▶ Raw data
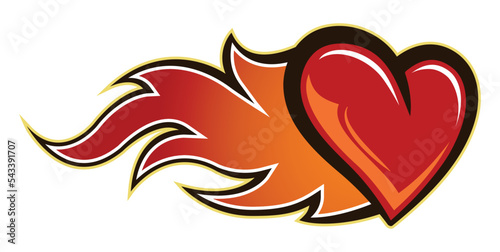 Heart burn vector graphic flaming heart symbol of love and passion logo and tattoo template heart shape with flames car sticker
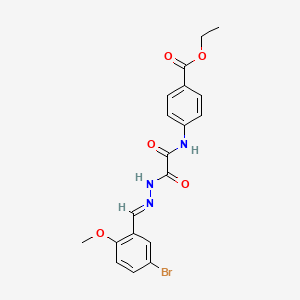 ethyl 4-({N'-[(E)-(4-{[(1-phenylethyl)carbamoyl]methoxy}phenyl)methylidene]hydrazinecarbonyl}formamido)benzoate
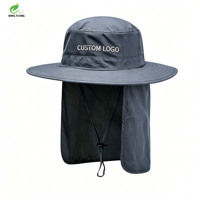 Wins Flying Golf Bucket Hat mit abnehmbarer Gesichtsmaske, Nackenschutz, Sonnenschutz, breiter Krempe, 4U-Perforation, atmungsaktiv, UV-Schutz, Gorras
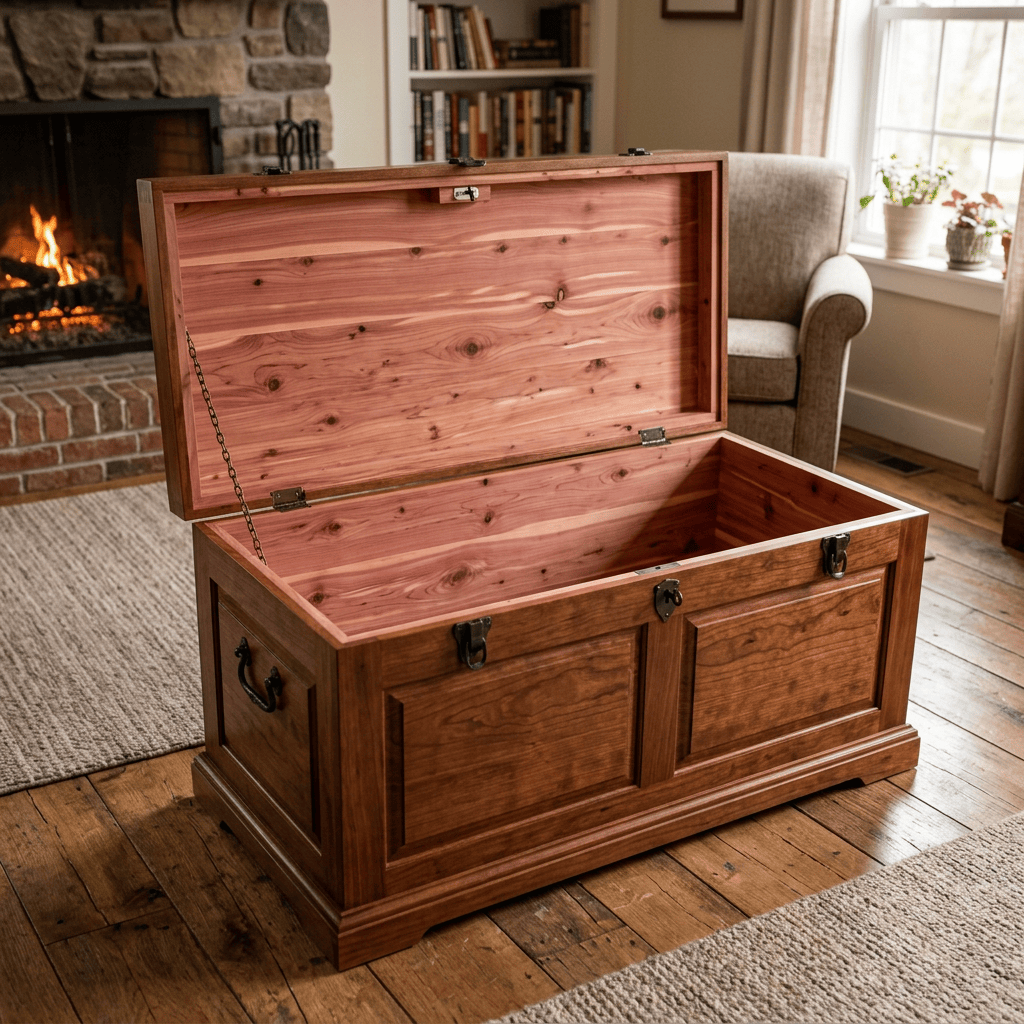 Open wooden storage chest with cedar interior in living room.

▶ What you will do
Transcribe the listing exactly, skipping pictures.

▶ The completed task
 Heart burn vector graphic flaming heart symbol of love and passion logo and tattoo template heart shape with flames car sticker
 ethyl 4-({N'-[(E)-(4-{[(1-phenylethyl)carbamoyl]methoxy}phenyl)methylidene]hydrazinecarbonyl}formamido)benzoate
 Wins Flying Golf Bucket Hat mit abnehmbarer Gesichtsmaske, Nackenschutz, Sonnenschutz, breiter Krempe, 4U-Perforation, atmungsaktiv, UV-Schutz, Gorras
 Open wooden storage chest with cedar interior in living room.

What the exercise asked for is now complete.